I was very affected by this story because I saw nothing wrong with Brooks’ decision. It’s bullshit like this that makes me continue to second-guess my every parenting move and relentlessly Google similar cases and laws in my area, driving my husband crazy. Let me say for the record that I believe such laws are vital and necessary, but parents should be trusted in how to use them.
Another article on the topic compares leaving a kid in the car to the most horrifying example of a child forgotten in the car by a parent:
It used to happen rarely, Weingarten explains, but that changed in the ’90s after the discovery that passenger-side front airbags were fatal to children, so kids were moved to the back. Out of sight, out of mind ”” an adage that only became even more true when baby seats were turned to face the rear for maximum safety.
Because even if you think Kim Brooks did nothing wrong, either, what now? Change the law? Tell everyone it’s totally OK to leave their kid in the car for five minutes, if it’s only 50 degrees, and you crack the windows and you’re super totally double pinky swear sure you’ll be done in five minutes, because just trust you, you got this? Should anyone take a closer look and ask what her intentions were? How should that be determined? Should cops carry a thermostat? What might we do instead? I think the answer is to still avoid such risk at all cost. Because, believe me, it’s hard enough worrying about the risks you can’t see. Here is one you can.
In the example cited in the article, the most horrific nightmare a parent can ever imagine occurs. Frazzled, tired, distracted parents (and we have all been there many, many times) forget their child in the car on the way to work or run errands. Tragically, in rare cases, the child dies, and the parent does not find out until much later. To be honest with you, I can’t even talk about this scenario without shivers running up my spine and horrible images flashing through my head.
But I still cannot get on board with the second writer’s comparison of forgetting a child in the car to leaving a child in a car for one to two minutes, on purpose, in plain sight. It is not the same. It will never be the same.
Trust me when I say that I have thought about this issue long and hard. Right now, we temporarily have both of my sons in separate daycares, and they are both under three years old. Since I use a home daycare for both children, I am able to pull all the way up in the driveway, lock my car completely, crack the windows, and run in for less than 60 seconds to drop off each kid. I have felt guilt about this. I have also tried it the other way where I drag one kicking and screaming toddler in with me, and it normally turns out just how you would imagine. Both kids cry and cling to me, the daycare teacher hands me a backpack and art projects, and then I end up walking 10 feet back to the driveway to put one kid in the car so that I can grab the other.

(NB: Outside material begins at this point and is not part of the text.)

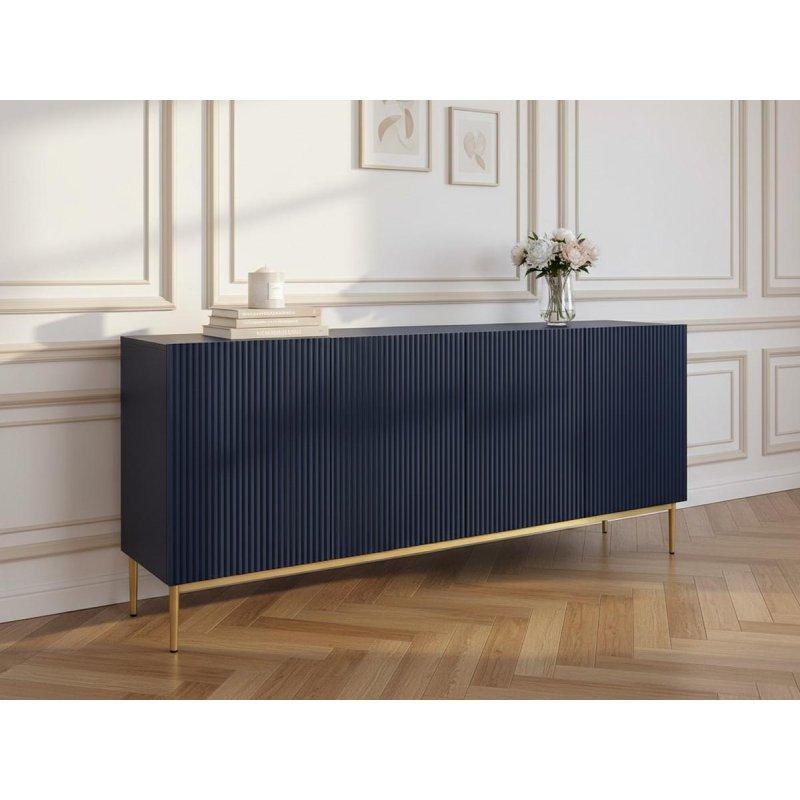Gold Ayaklı Endüstriyel Ahşap Kabartma Desenli 4 Kapaklı Konsol - 200x45x86 cm - 129386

I love both of my kids an insane amount and think about their safety all of the time, often too much. My husband is constantly telling me to relax. But on this issue, I refuse to be bullied into submission. It is legal in the state of Texas to purposely leave a kid in the car for under five minutes, and I will continue to take advantage of this law in the daycare run that I described above.
While many parents argue that ”anything can happen,” I caution you against buying into this attitude hook, line, and sinker. I see nothing wrong with leaving a child in the car on purpose for just a few minutes while you grab something out of your house or pay for gas. I’ve heard some of the craziest arguments on this topic that ”a drunk driver could come out of nowhere and kill your child.” It would also really suck if a meteor fell out of the sky and smashed my car in the 60 seconds when I dropped my kids off at daycare, but I can’t spend my life worrying about that either.
It is undeniably tragic that children have died after being forgotten in the car by stressed, well-meaning parents. Leaving your child in the car on purpose is not and never will be the same.